(YOUR TASK) Please transcribe exactly the lines from the line holding "2020 Honda Fit - image 18" through the end of the data below, and skip any pictures.

(PROVIDED ENTRIES)
-=-=-
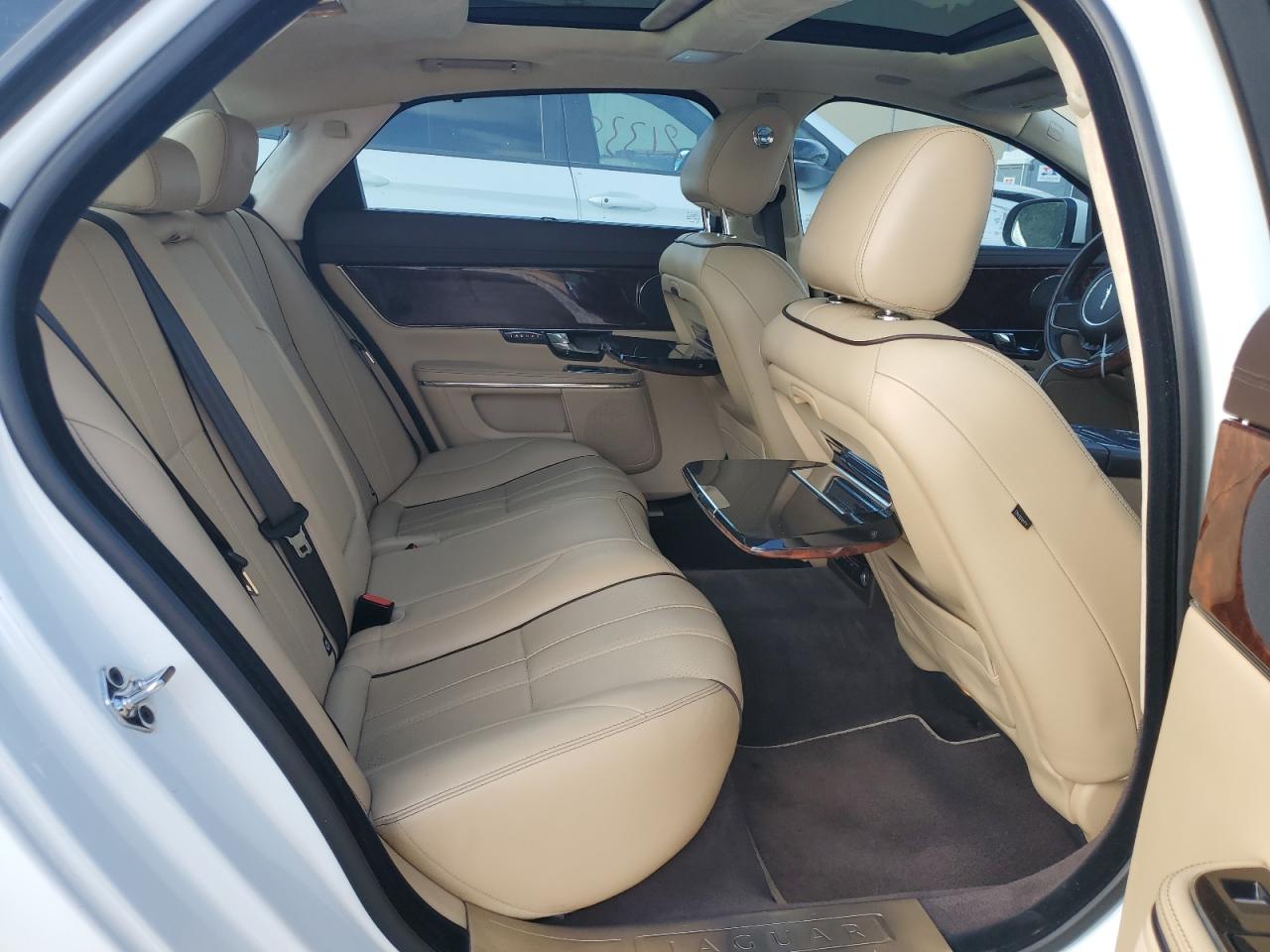 SAJWA2GB3BLV10582 2011 Jaguar Xjl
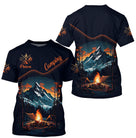 T-shirt camping personnalisé bleu marine avec montagne enneigée tente feu de camp orange et prénom
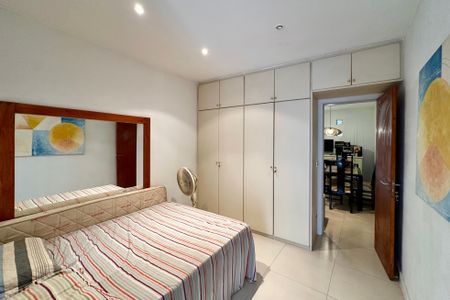 Apartamento à venda com 42m², 1 quarto e sem vagaQuarto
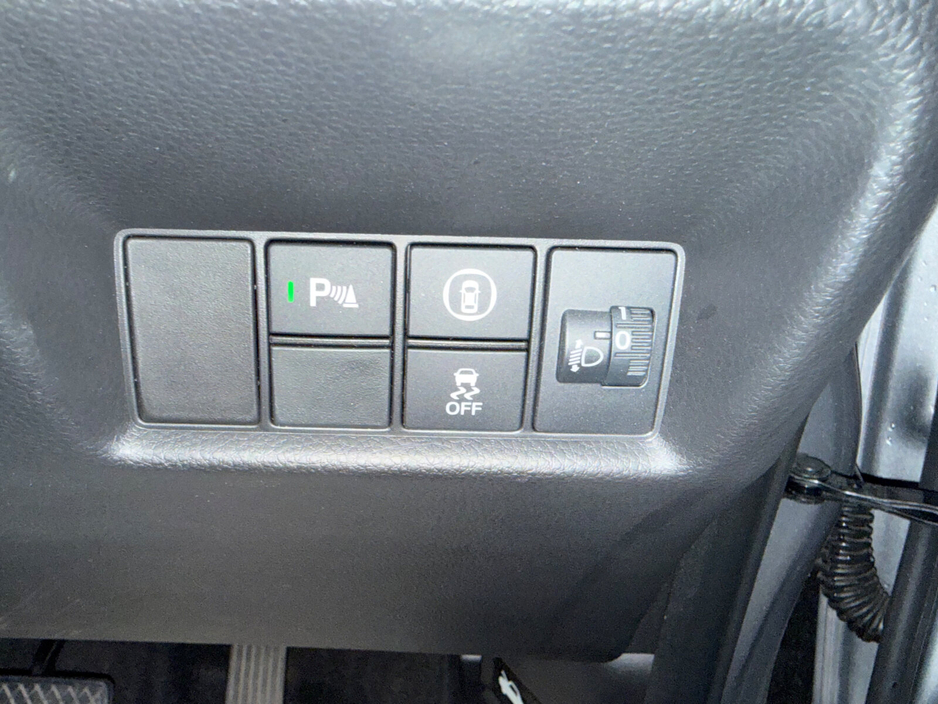 2020 Honda Fit - image 18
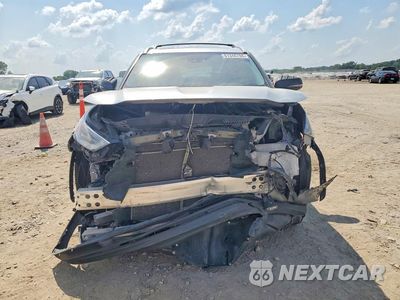 Piąte zdjęcie samochodu w środku: 2024 TOYOTA HIGHLANDER XLE VIN:5TDKDRBH6RS549734 - miniatura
-=-=-
(SOLUTION FOR THIS TASK)
 2020 Honda Fit - image 18
 Piąte zdjęcie samochodu w środku: 2024 TOYOTA HIGHLANDER XLE VIN:5TDKDRBH6RS549734 - miniatura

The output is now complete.